Treatment of finger fractures
Indications for hospitalization
The hand is an extremely complex organ in its structure and functionality, so any damage to it requires an individual approach, thoughtful, rational treatment at all stages. Fractures of the phalanges of the fingers are classified as severe hand injuries. In outpatient settings, it is permissible to treat fractures without displacement of fragments and single fractures of the phalanges, which after reposition do not give secondary displacements.
The success of treating phalangeal fractures of the fingers depends on careful anatomical alignment of the fragments, complete immobilization in terms of volume and duration, and subsequent complex therapy.
Conservative treatment of finger fractures
3-5 ml of 2% procaine solution is injected into the fracture area. After waiting 5-7 minutes, repositioning is started: traction along the axis, then the finger is bent in all joints to a functionally advantageous position (angle 120°) and the angular deformation is eliminated by pressure from the palmar side. The limb is fixed with a palmar plaster splint from the upper third of the forearm to the heads of the metacarpal bones, and then only the damaged finger is immobilized. Extension in the wrist joint is 30°, the phalanges of the fingers are bent until they touch the opposing first finger, which is approximately 60°. This position achieves the following goals:
- relaxation of the flexor tendons and lumbrical muscles - prevention of secondary displacement;
- optimal tension of the annular ligaments - prevention of contractures;
- in case of complications in the form of persistent contractures or ankylosis in the finger joints, the grasping function of the hand is preserved.

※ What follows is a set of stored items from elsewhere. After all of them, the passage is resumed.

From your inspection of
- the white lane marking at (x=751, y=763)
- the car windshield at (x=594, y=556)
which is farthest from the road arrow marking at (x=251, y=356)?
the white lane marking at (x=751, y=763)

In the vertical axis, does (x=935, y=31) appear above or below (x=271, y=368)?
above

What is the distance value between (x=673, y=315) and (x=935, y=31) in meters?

Immobilization of uninjured fingers is considered a surgical error. Equally, an injured finger should not be immobilized in an extended position.
In the first 24 hours after the injury, cold and an elevated position of the limb are prescribed to prevent tissue swelling and reduce pain. Metamizole sodium is indicated internally or parenterally. From the 3rd day, UHF is prescribed to the fracture site and therapeutic exercises for non-immobilized fingers and the elbow joint. The plaster is removed after 3-4 weeks, X-ray control is carried out and restorative treatment begins: warm baths (soda, salt) with exercise therapy in water, ozokerite applications, exercise therapy for the interphalangeal joints, forearm massage, mechanotherapy.

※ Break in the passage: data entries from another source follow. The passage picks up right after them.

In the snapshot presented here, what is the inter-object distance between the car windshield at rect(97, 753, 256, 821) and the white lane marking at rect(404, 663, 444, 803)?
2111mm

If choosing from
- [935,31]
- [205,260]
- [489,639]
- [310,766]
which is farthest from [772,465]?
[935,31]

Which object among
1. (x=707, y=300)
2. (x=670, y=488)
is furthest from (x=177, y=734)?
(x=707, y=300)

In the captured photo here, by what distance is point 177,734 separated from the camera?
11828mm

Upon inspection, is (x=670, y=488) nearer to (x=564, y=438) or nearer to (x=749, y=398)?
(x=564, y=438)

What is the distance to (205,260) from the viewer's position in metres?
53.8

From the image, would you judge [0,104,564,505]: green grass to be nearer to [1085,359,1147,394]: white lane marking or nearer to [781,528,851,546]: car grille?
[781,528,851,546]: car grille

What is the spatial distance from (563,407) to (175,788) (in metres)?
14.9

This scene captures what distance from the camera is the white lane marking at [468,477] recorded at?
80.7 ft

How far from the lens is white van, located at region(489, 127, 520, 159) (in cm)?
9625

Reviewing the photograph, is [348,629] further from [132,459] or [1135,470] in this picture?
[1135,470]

Working capacity is restored within 4-6 weeks.
The treatment period is somewhat shorter for fractures of the terminal phalanges without displacement of fragments and fractures of the sesamoid bones of the hand: immobilization for 2-3 weeks, work capacity is restored after 3-4 weeks.

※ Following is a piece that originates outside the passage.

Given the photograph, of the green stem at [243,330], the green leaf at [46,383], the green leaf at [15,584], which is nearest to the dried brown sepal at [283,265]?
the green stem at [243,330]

In case of multiple fractures of the phalanges of the fingers, closed manual reposition is performed and the damaged fingers are fixed with a plaster splint for 3-4 weeks. Labor - after 6-8 weeks.
The skeletal traction method is used in cases where it is impossible to hold the fragments. The limb is fixed with a plaster cast, the same as after reposition, but with a wire hook plastered over the palmar surface. The nail phalanx is anesthetized with 2-3 ml of a 2% procaine solution and a traction device is installed. This can be a silk thread passed through soft tissues or the nail plate, a special pin, thin spokes or staples inserted into the bone of the terminal phalanx. It is good to perform traction by nail plates, to which a layer of polymer resin (AKR-100, steracryl, etc.) is applied with a built-in traction loop. Traction lasts 3 weeks and for another 1-3 weeks the limb is fixed with a removable plaster splint. Labor - in 4-6 weeks.
Surgical treatment of finger fractures
Surgical treatment consists of open reposition and (most often) intraosseous fixation with Kirschner wires. Rigid fixation of fragments is achieved using miniature compression-distraction devices. Immobilization periods: permanent and removable - 2-3 weeks. Labor - after 6-8 weeks.
In case of multiple fractures, restoration of working capacity occurs after 6-8 weeks or more.